> [What to do]: Your answer must be a word-for-word copy of the listing below, minus its pictures.

> [Dataset section]:
-=-=-
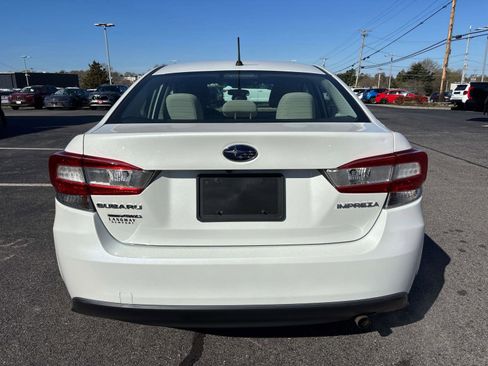 Used 2022 Subaru Impreza 2.0i AWD/4WD image 4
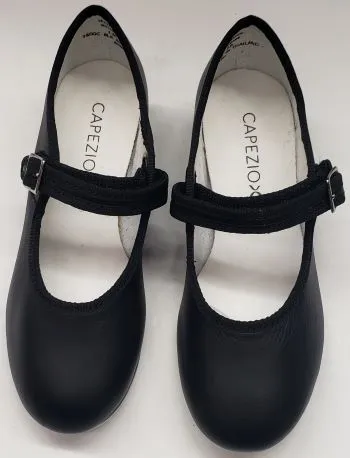 Mary Jane Classic Jr. --  Children's Instep Strap Tap Shoe Dry Fast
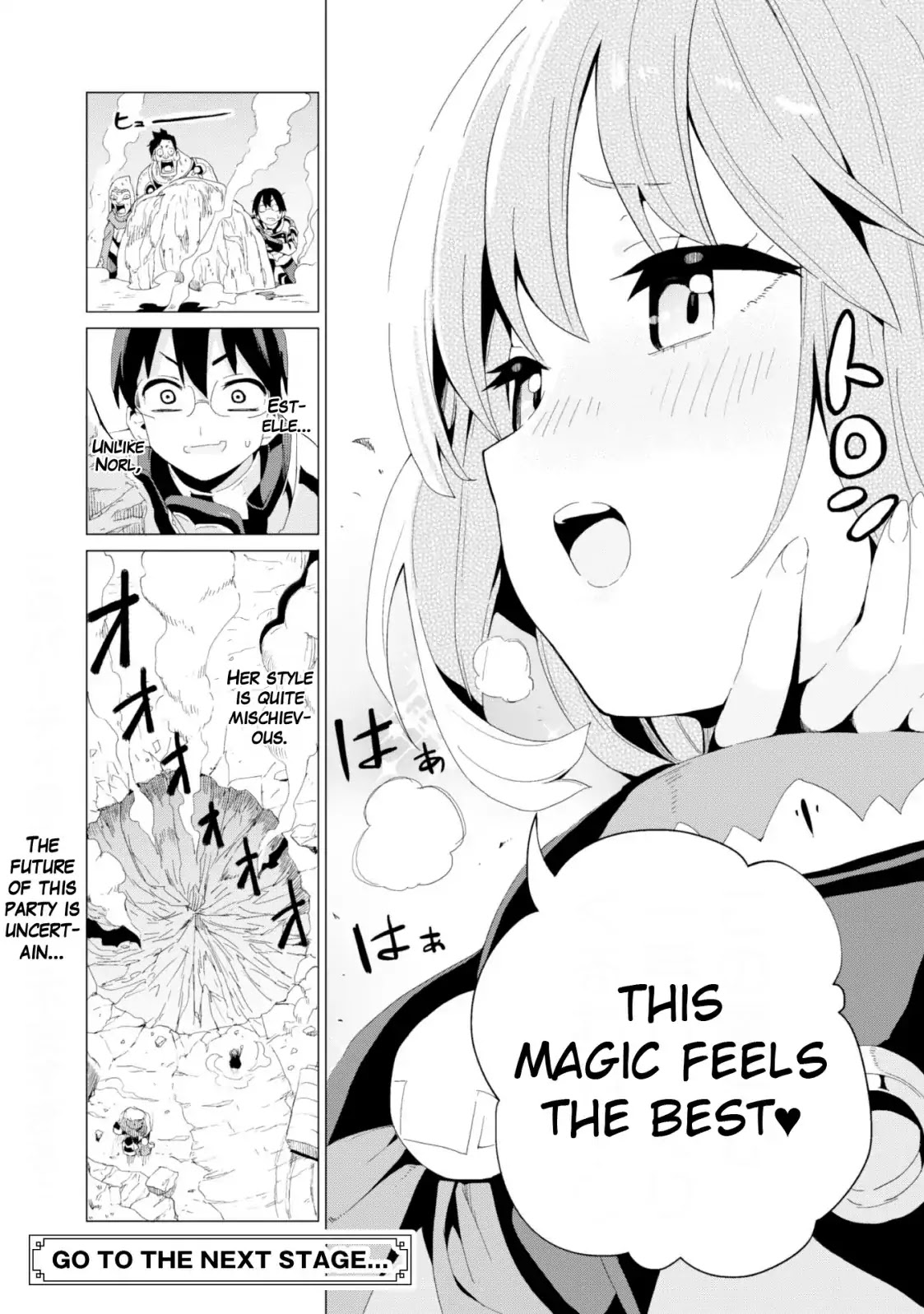 Gacha wo Mawashite Nakama wo Fuyasu: Saikyou no Bishoujo Gundan wo Tsukuriagero Chapter 8 page 26 - Chapter 8: The Power of Magic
-=-=-
> [Task result]:
 Used 2022 Subaru Impreza 2.0i AWD/4WD image 4
 Mary Jane Classic Jr. --  Children's Instep Strap Tap Shoe Dry Fast
 Gacha wo Mawashite Nakama wo Fuyasu: Saikyou no Bishoujo Gundan wo Tsukuriagero Chapter 8 page 26 - Chapter 8: The Power of Magic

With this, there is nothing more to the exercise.